EXERCISE DETAILS
Repeat the records below exactly as they appear, leaving out any pictures.

Stored dataset items
━━━━━━━━━━━━━━━━
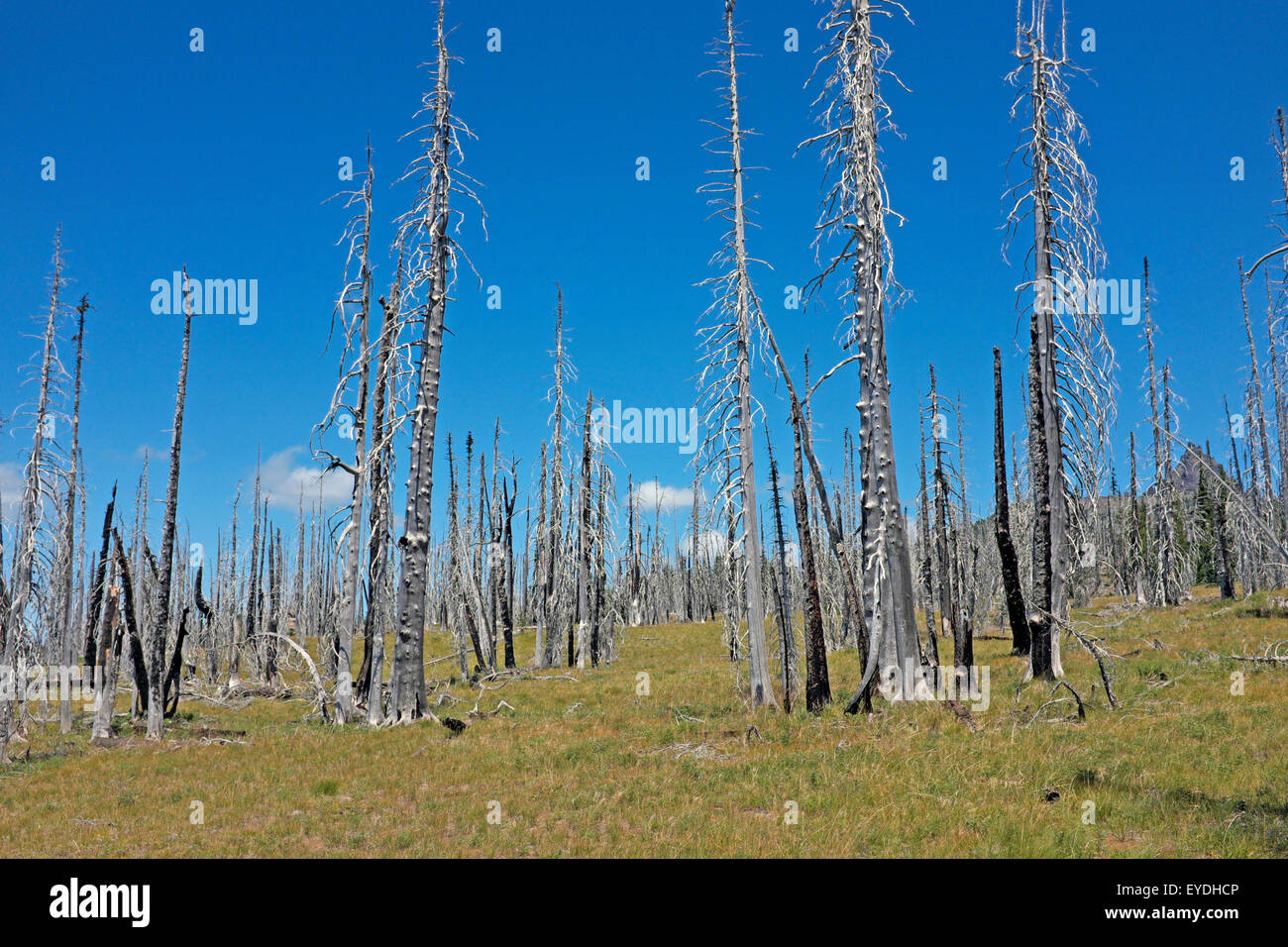 Ein Skelett Wald verbrannten Bäume in einem drei Jahre alten Wildfire brennen in den Central Oregon Kaskaden auf dem Pacific Crest Trail Stockfoto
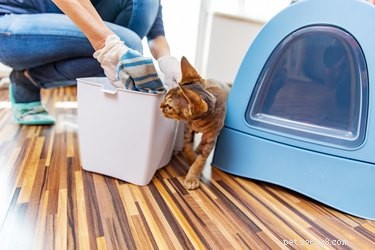 Is it Safe to Pet Cats During Pregnancy?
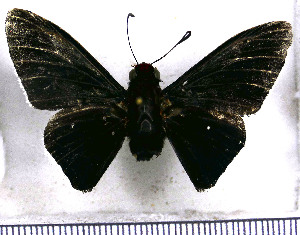  ( - JFDA3313)  @11 [ ] by-nc-sa (2025) Jean F. Le Crom Jean F. Le Crom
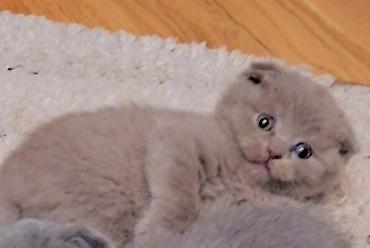 Кошки: Шотландская вислоухая — 1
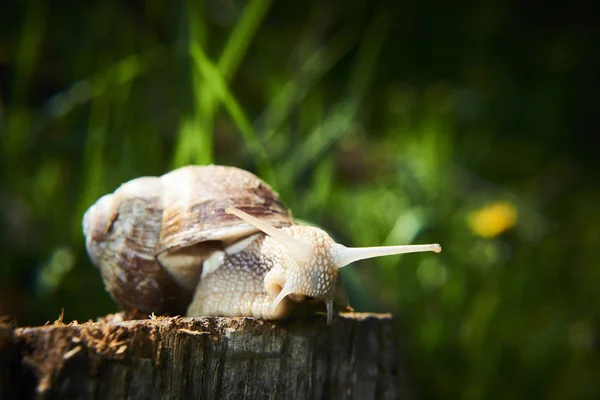 Strisciando Piccola Lumaca Marrone Natura — Foto Stock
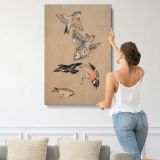 Finches Bird Study canvas print, displayed on a wall
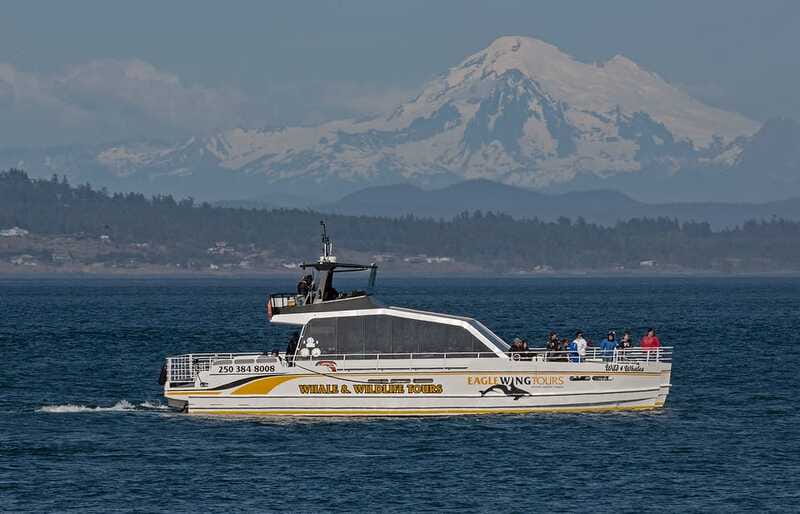 Victoria: Sunset Whale Watching Tour on Semi-Covered Boat - Semi-covered catamaran comfort: bathrooms and provided gear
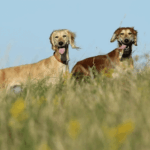 Как проходит улучшение породы казахских тазы в 2025 году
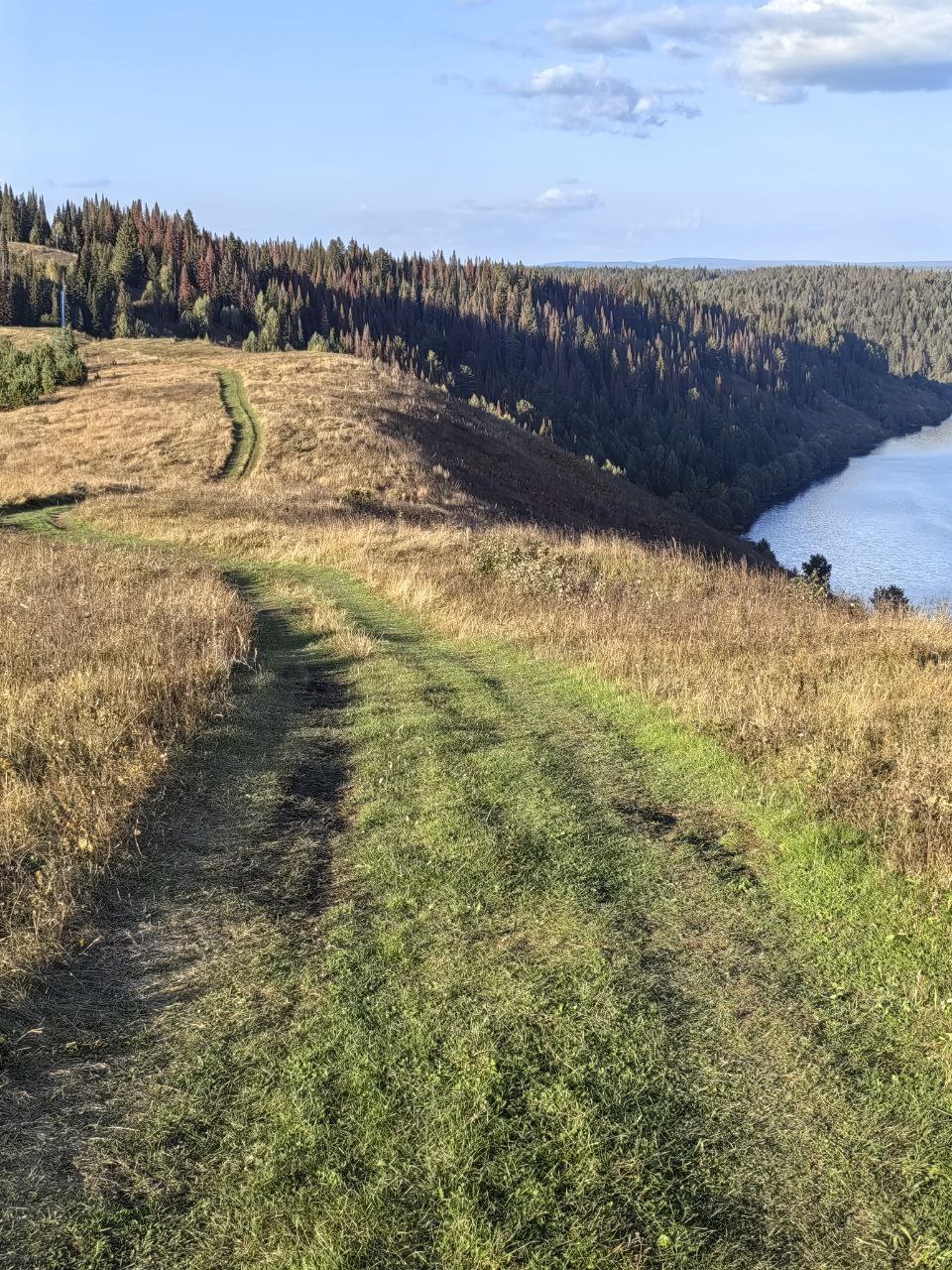 Гора Воронина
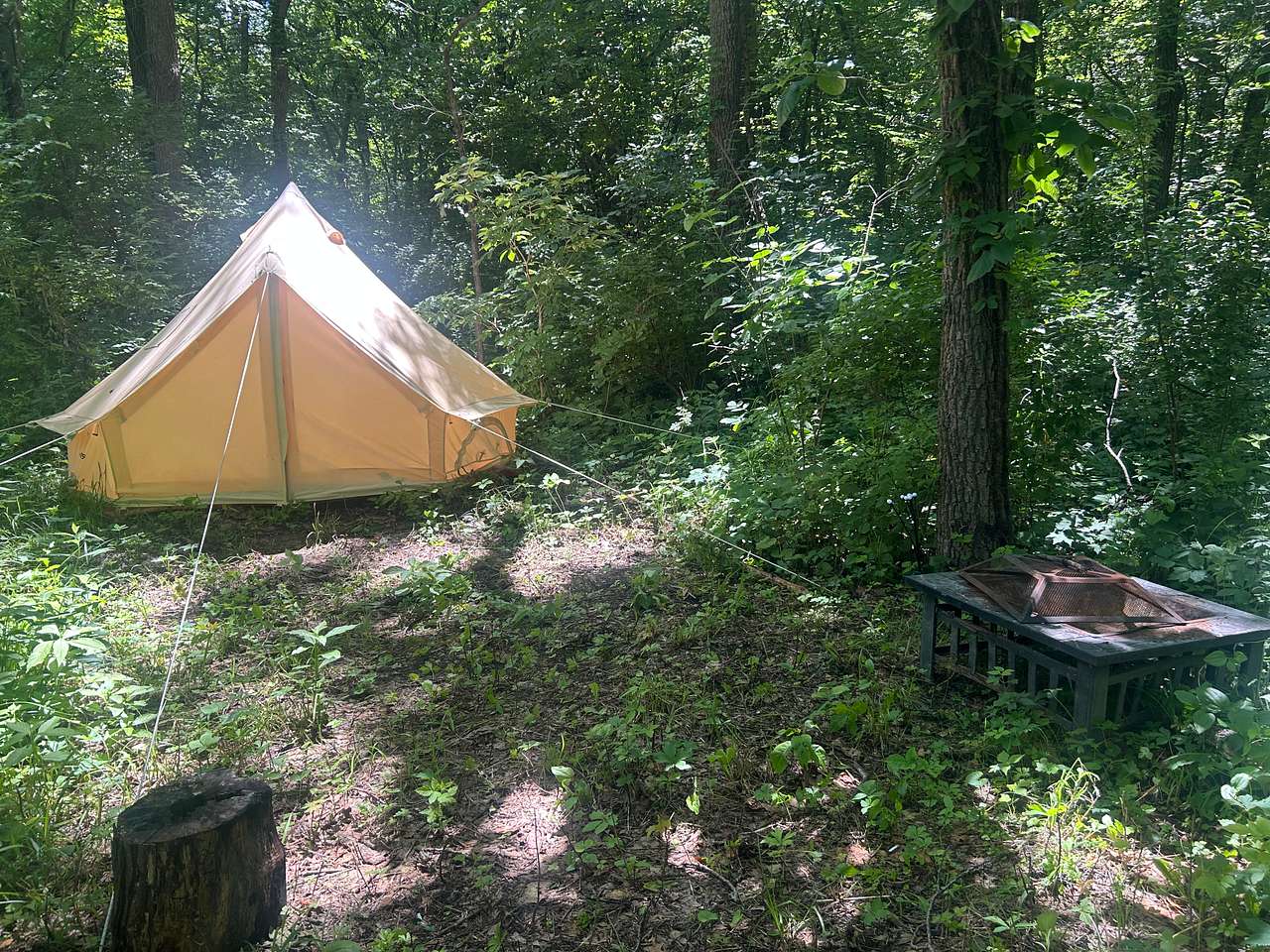Picture of the site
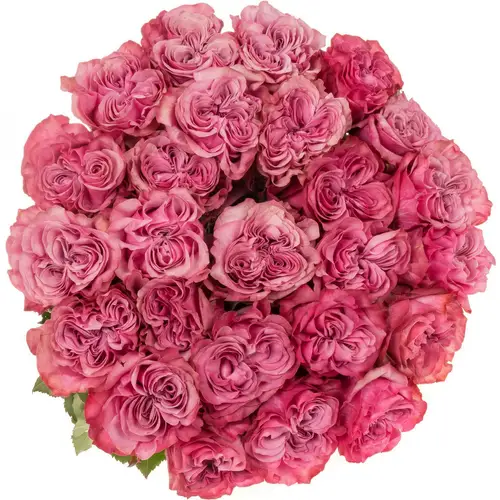 Rose lila Country Blues (Ec) 70cm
━━━━━━━━━━━━━━━━
SOLVED PROBLEM
 Ein Skelett Wald verbrannten Bäume in einem drei Jahre alten Wildfire brennen in den Central Oregon Kaskaden auf dem Pacific Crest Trail Stockfoto
 Is it Safe to Pet Cats During Pregnancy?
  ( - JFDA3313)  @11 [ ] by-nc-sa (2025) Jean F. Le Crom Jean F. Le Crom
 Кошки: Шотландская вислоухая — 1
 Strisciando Piccola Lumaca Marrone Natura — Foto Stock
 Finches Bird Study canvas print, displayed on a wall
 Victoria: Sunset Whale Watching Tour on Semi-Covered Boat - Semi-covered catamaran comfort: bathrooms and provided gear
 Как проходит улучшение породы казахских тазы в 2025 году
 Гора Воронина
Picture of the site
 Rose lila Country Blues (Ec) 70cm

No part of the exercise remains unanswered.